年頭のご挨拶
一般社団法人日本ダイカスト協会
会 長 蔦 昌 樹
明けましておめでとうございます。
新年を迎えるにあたり、年頭のご挨拶を申し上げます。
日本ダイカスト協会の正会員、賛助会員並びに関係者の皆様には日頃より協会活動に対して多大なるご協力とご支援をいただいておりますこと心より厚く感謝申し上げます。
昨年、世界ではエネルギー価格の高騰によりインフレが進みました。中国の不動産の不良債権化、環境問題に加え、方向の定まらぬ自動車の電動化等の影響により経済も好材料の無い状況でした。また、ロシアのウクライナ侵攻に加えイスラエルの紛争、中国の東シナ海の領有権問題、台湾問題等、紛争の兆しは拡大する一方で地政学的なリスクが一段と顕在化いたしました。
我が国においては円安・エネルギー価格の高騰によるインフレが進みましたが、30年ぶりに賃金アップが進み、インバウンドも戻り、経済はまずまずの状況でした。
このような中、アルミの生産量は、自動車メーカーの生産台数が伸び悩んでいることもあり、90万トンを割り込み、ダイカスト業界として苦しい結果となりましたが、これからの2〜3年も先行きが見通せない状況になりそうです。
自動車業界は大変革期と言われますが、現状はもっと広く世界の大変革期なのでは無いでしょうか。
さらに、情報技術の進展によりグローバル化が進み、環境問題が顕著になり、国際紛争が多発し、地政学リスクが高まり、アメリカにおいては民主主義のあり方で国が分断しています。
今の世界情勢は過去とは全く異なり、予測することが出来ないのが実情です。
我が国は、高度成長期には各国への刺激に配慮しつつ、官民が一体となり効率を追求して優れた製品を供給することで市場を席巻し、世界第二位の経済大国になりました。
今日、市場はグローバル化により拡大しましたが、競争も増え、自国の利益を優先する過酷な競争が繰り広げられています。
我々の市場においては、今後、ますますサプライチェーン全体の強化を図り、国家の経済安全保障を実現する必要があります。既に経済産業省を中心に各業界団体で対応策の検討が始まっていると聞いていますが、サプライチェーン全体が成り立つ、合理的且つ競争力ある体制構築のためには、我々自身が声を上げると同時に、我々の声が通り易くする様に技術力・生産性・品質を高めることが重要です。
昨年11月開催の「j-dec2024(日本ダイカスト会議・展示会)」では、DX・GXなどの最新技術の共有や業界が直面する課題への対応策について、幅広い議論を深める場を提供いたしました。また、持続可能性や競争力強化の視点から、原材料やエネルギー問題への対応に重点を置いた議題にも積極的に取組んでまいりました。
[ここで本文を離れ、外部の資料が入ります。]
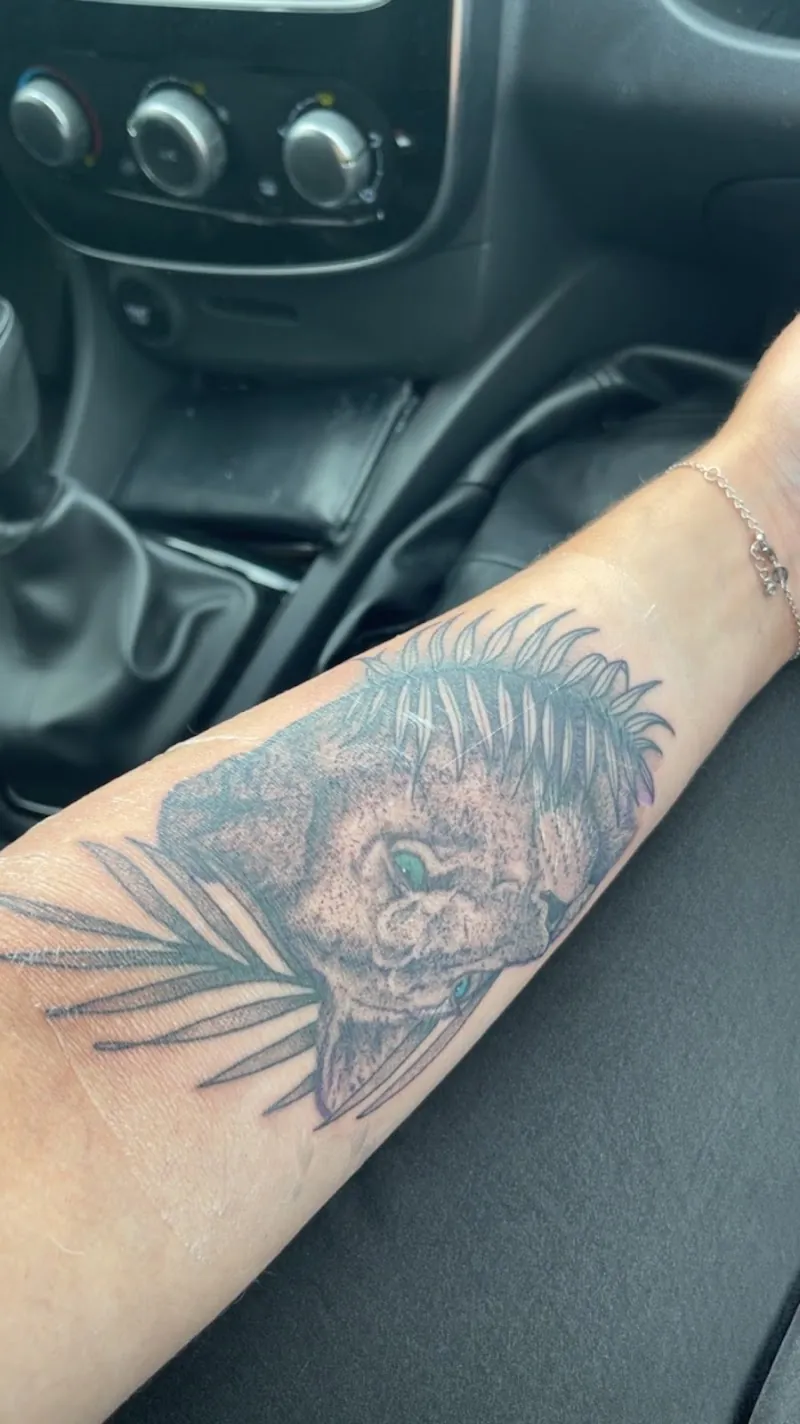 Galerie de tatouages 50 Beauty Tattoo Shop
今年は、当協会設立70周年となることから、当協会通常総会と同日5月20日(月)に記念式典を開催する予定としております。平素よりお世話になっております経済産業省様を始め、関係業界並びに学識経験者など、多くの方々に御臨席を賜ればと願っております。
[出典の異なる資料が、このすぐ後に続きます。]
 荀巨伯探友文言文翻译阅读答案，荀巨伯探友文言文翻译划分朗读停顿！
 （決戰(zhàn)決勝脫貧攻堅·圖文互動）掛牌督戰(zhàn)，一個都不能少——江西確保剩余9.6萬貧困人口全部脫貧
この節目を迎えるにあたり、これまでの業界の歩みを振り返るとともに、未来を見据えた新たなビジョンを共有し、次なる成長への礎を築く機会といたします。
当協会は、本年も引き続き、技術革新や人材育成をはじめとする幅広い活動を通じて、会員企業の皆様を全力で支え、ダイカスト業界の発展に尽力してまいります。引き続きのご支援とご協力を賜りますようお願い申し上げます。
結びに、皆様のご健勝とご多幸、そしてご事業のますますのご繁栄をお祈り申し上げ、年頭のご挨拶とさせていただきます。